What you have to do: For each entry, restate it word for word while omitting any image it holds.

Data provided:
☆ ☆ ☆ ☆ ☆ ☆ ☆
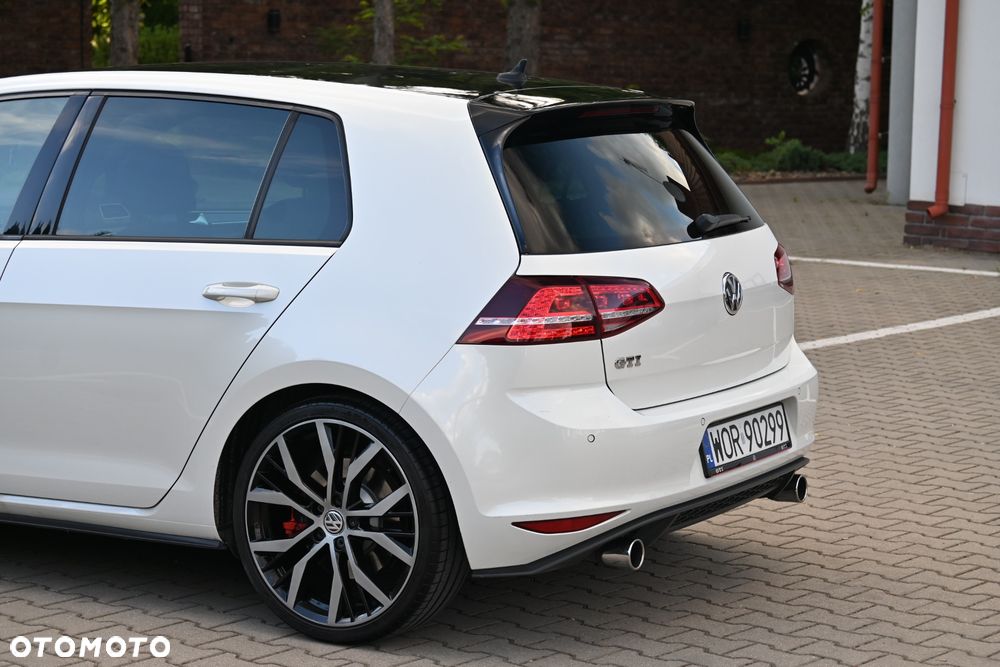 Volkswagen Golf 2.0 TSI BMT GTI Performance DSG - 24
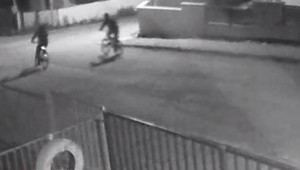 V priebehu jednej noci ukradli štyri bicykle. Ak spoznáte mužov na záberoch, volajte políciu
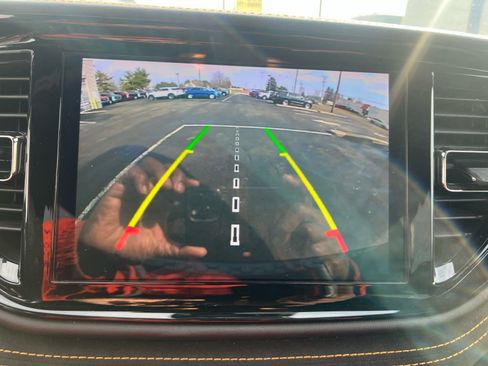 Used 2023 Dodge Durango R/T w/ Hemi Orange Plus Package image 8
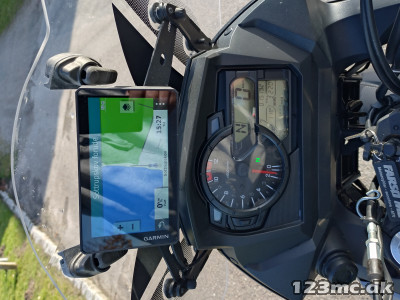 Suzuki DL 650 V-Strom Tour Suzuki DL 650 V-Strom Tour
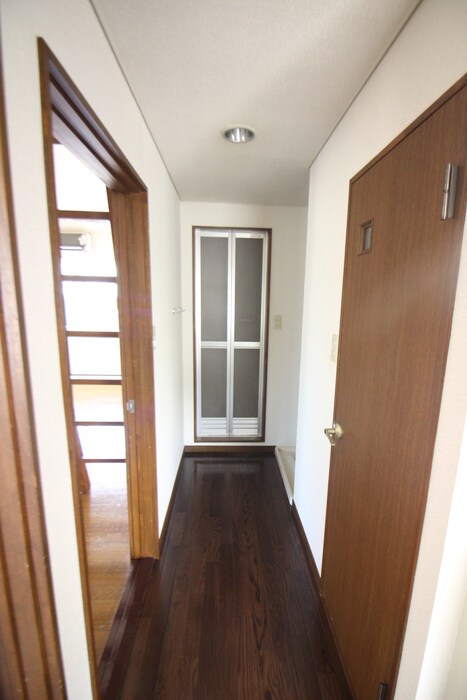 物件内観写真17　(廊下)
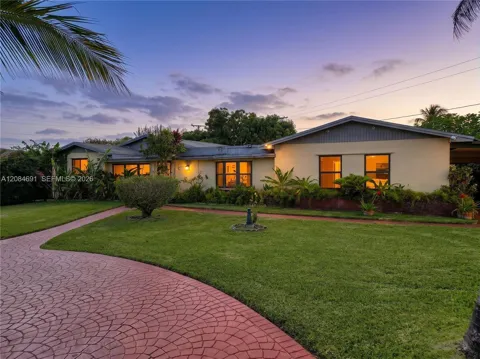 10900 SW 177th Ter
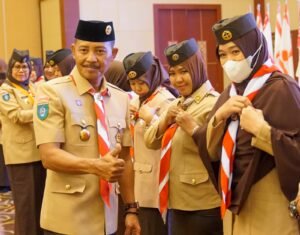 Sekdaprov Pimpin Ulang Janji dan Sematkan Lencana Pancawarsa kepada Kakak Kwarda Kepri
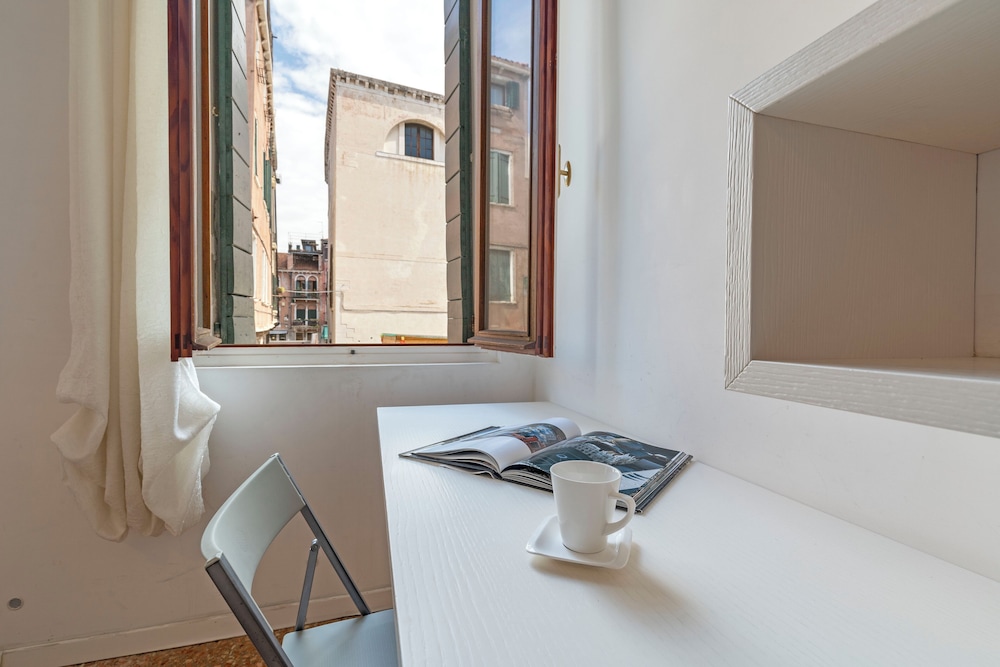 Apartment, Canal View photo 1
☆ ☆ ☆ ☆ ☆ ☆ ☆
Result of the exercise:
 Volkswagen Golf 2.0 TSI BMT GTI Performance DSG - 24
 V priebehu jednej noci ukradli štyri bicykle. Ak spoznáte mužov na záberoch, volajte políciu
 Used 2023 Dodge Durango R/T w/ Hemi Orange Plus Package image 8
 Suzuki DL 650 V-Strom Tour Suzuki DL 650 V-Strom Tour
 物件内観写真17　(廊下)
 10900 SW 177th Ter
 Sekdaprov Pimpin Ulang Janji dan Sematkan Lencana Pancawarsa kepada Kakak Kwarda Kepri
 Apartment, Canal View photo 1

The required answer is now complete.